We then headed down to Gas St - a pathetic three locks, and lots of bumbling around under the M5, old canal bridges dwarfed:



We moored in Gas St basin itself, although there seemed to be plenty of other moorings along that stretch of canal, and also just before the junction down to Worcester. Being in the basin was of course in Homage to Cliff Richard in 'Take me High', although he did seem to rebuild a working boat into a bachelor pad with a mezzanine floor in a week (and invent fast food) in that film too. These things take longer, and I've yet to work out how to get the mezzanine floor in successfully.



Both of us were at university in Birmingham, I hadn't been back for a decade or so, so it was a pretty illuminating walk round that evening, working our way up to Aston University itself (some bits new, some bits decidedly old) and back down to Digbeth, both of us trying to find the old FoE building on Meriden St - we think we found it, but no longer the FoE. ;-( Selfridges & all that very dramatic, of course, but a big moment to consumerism, yet with the church in the middle, as ever. We then wound our way back to the basin via the Mailbox shopping centre, had a reasonable successful 'oriental tapas' meal and crashed.
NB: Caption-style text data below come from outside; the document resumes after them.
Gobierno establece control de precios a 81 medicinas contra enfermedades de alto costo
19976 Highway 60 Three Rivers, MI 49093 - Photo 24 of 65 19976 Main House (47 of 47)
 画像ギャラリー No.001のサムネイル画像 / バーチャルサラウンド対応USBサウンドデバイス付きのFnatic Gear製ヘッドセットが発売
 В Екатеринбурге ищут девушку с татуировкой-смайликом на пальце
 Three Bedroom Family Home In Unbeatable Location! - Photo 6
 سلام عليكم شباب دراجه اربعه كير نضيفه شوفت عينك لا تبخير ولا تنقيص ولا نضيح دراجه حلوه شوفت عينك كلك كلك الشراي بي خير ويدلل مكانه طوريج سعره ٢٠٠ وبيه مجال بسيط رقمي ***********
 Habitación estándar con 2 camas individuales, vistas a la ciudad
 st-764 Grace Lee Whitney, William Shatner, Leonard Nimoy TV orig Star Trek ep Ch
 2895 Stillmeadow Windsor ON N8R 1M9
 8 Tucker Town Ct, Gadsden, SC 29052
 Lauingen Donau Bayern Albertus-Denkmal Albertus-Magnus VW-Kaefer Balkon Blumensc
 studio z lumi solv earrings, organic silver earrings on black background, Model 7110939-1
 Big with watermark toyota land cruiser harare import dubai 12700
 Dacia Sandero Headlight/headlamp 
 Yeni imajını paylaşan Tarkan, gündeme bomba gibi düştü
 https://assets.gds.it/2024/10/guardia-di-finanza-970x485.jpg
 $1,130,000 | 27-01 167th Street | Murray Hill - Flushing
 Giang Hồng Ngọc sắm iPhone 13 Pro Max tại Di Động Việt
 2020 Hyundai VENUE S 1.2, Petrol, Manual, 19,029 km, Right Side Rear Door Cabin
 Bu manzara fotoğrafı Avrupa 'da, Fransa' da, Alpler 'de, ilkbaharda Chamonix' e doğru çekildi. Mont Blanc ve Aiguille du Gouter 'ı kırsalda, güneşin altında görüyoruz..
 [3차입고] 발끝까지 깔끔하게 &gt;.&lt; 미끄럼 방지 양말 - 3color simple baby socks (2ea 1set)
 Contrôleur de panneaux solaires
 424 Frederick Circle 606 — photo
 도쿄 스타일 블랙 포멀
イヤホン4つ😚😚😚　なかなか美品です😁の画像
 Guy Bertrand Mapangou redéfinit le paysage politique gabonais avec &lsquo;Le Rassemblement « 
My sleep was disturbed at around 3am by someone on the back deck - I looked out of the window to see him going round to the front deck. Thankfully my first 'p*ss off' from inside the boat sent him off, by the time I was out of the front doors he was on his way, a solitary pissed bloke who I assume was after a bike to aid his trip home. They were locked up, and anyway the upper one was the leek car boot sale one that wouldn't lock unfolded. A bit of a negative experience, but one of a random pissed guy trying his luck (at albeit theft) rather than anything nastier. City centres are strange places to have a boat in, though.

1 comment:

Anonymous said...

heh heh, I once took a very rowdy class on a school trip to the Black Country Museum- great museum, shame about having to go there with 30 rowdy 12 year olds!